What does it mean? she asked.

He shrugged. Hell if I know.

She looked it up. It was apparently Arabic for “healer,” a caretaker of the ailing, something she never was and never could imagine being, though her future would involve all sorts of ailing people like Willa — who was just about to be resigned to a bed — and Zal, who was the most miraculous of handicapped people. Asiya was one of the four most sacred women of Islam, the Pharaoh’s Israelite wife, who adopted Moses after servants found him afloat in a crate upon the Nile. In the end, Asiya incurred the wrath of the Pharaoh with her monotheism. She was tortured and killed by the Pharaoh but was also among the first women to enter heaven for believing in one God. Her story was part tragedy, part triumph.
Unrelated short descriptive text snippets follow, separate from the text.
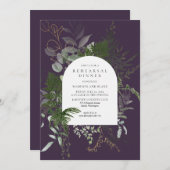 Wild Fern Greenery Lila Hochzeit Probe Dinner Einladung (Vorne/Hinten)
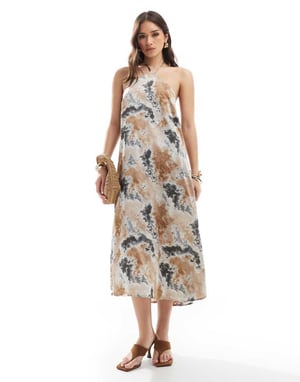 Object satin halter maxi dress in neutral tie dye print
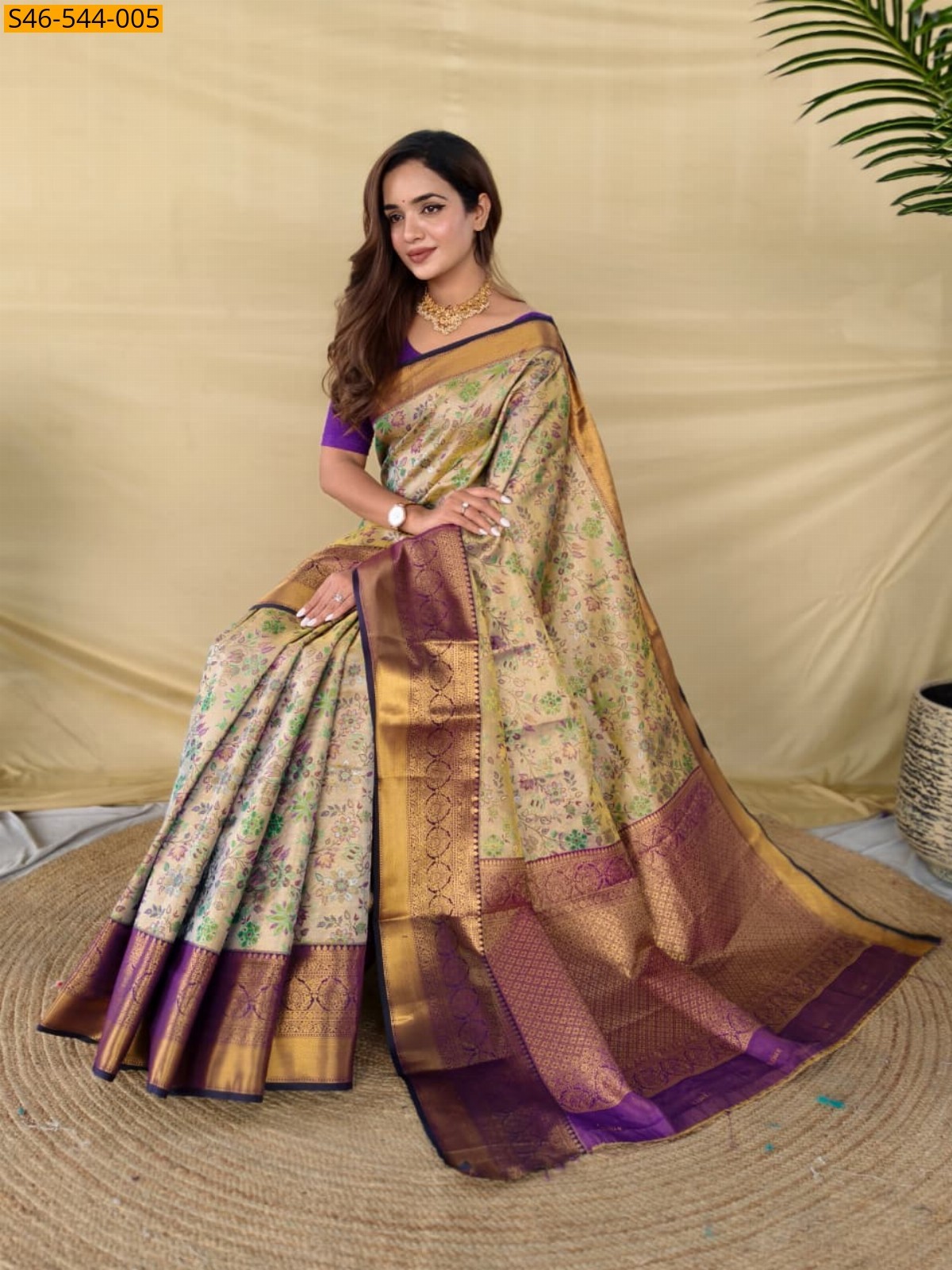 Violet Silk Saree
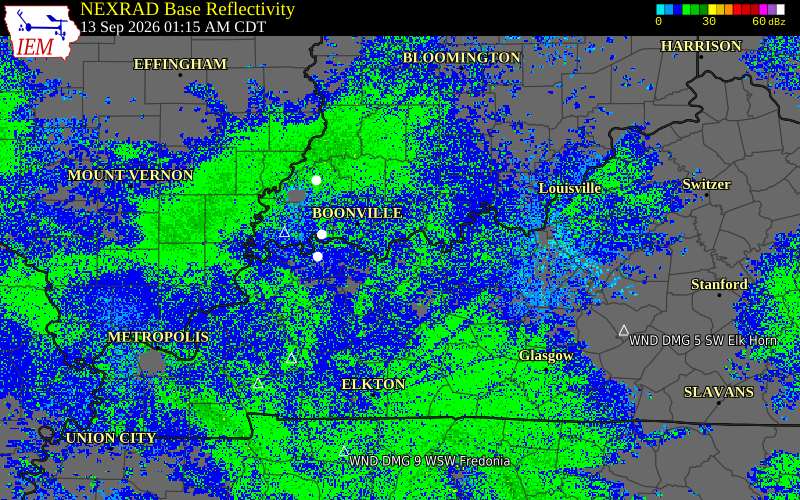 Current NEXRAD radar over Spencer County, Indiana with recent storm report locations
Daisy took on the name Asiya with a solemn appreciation, and just as she became Asiya, everything began to change. She began to digest the world differently, she began to take it in and turn it out in a whole other manner. She began, she felt, to be in control of the world in a way. It did not alarm her, but rather seemed logicaclass="underline" taking in God as a true believer, becoming one of them from heart to appellation, had to be intense. The story was being written from scratch, her whole universe was being created before her. Perspective was the least of the benefits Asiya McDonald was due to acquire.

She had her name legally changed.

Eventually Moe broke her heart by giving in to his parents’ choice for a girlfriend, who soon became his wife, a beautiful also-Moroccan girl named Ayesha, who eyed Daisy — Asiya — with only suspicion. But really, Ayesha would prod, what made you come here? Why did you want to be one of us?

Asiya didn’t know what to say exactly. I think I love Islam, she said, with less certainty than she wished was true.

Without Moe, she began trying to get to know more men from the mosque, hanging out after prayer meetings and following them to local cafés. She got a reputation at the mosque as the white girl who was trying to get their men. She once heard a friend of Ayesha’s say loudly in English: The little she-devil thinks this is a man-whore-house! But they all know she can’t compete.

And apparently it was true. While she fascinated many of the men at first, her cloying presence, like a department store fragrance one gets showered with at the urging of the perfume counter lady, soon became too much for them. There were only a couple white men there at the time and no white women except for her. A few started to wonder what her business was, if there was something more sinister. But most just found her annoying, parasitic, lost, and desperate. They felt it was more new company, not God, that she craved, even though she would vehemently deny it when they’d suggest it with a leading question or two.

Years later, no longer Muslim, but not willing to abandon that beautiful name, she would still deny it. The men were part of the package, but it was God that held all the allure for her. Even though her stint as a Muslim believer had lasted just over a year, she missed believing in something, or at least trying to.

And she credited Islam for being what opened her to something greater, made her suddenly a receptacle for visions of sorts. It was during the time she was studying the Koran that she started have feelings about things, to the point that she would call them premonitions. If it weren’t blasphemous to imply it, she’d say that she became a Muslim mystic and then simply a mystic. That gift did not leave her, no matter what God she held on to.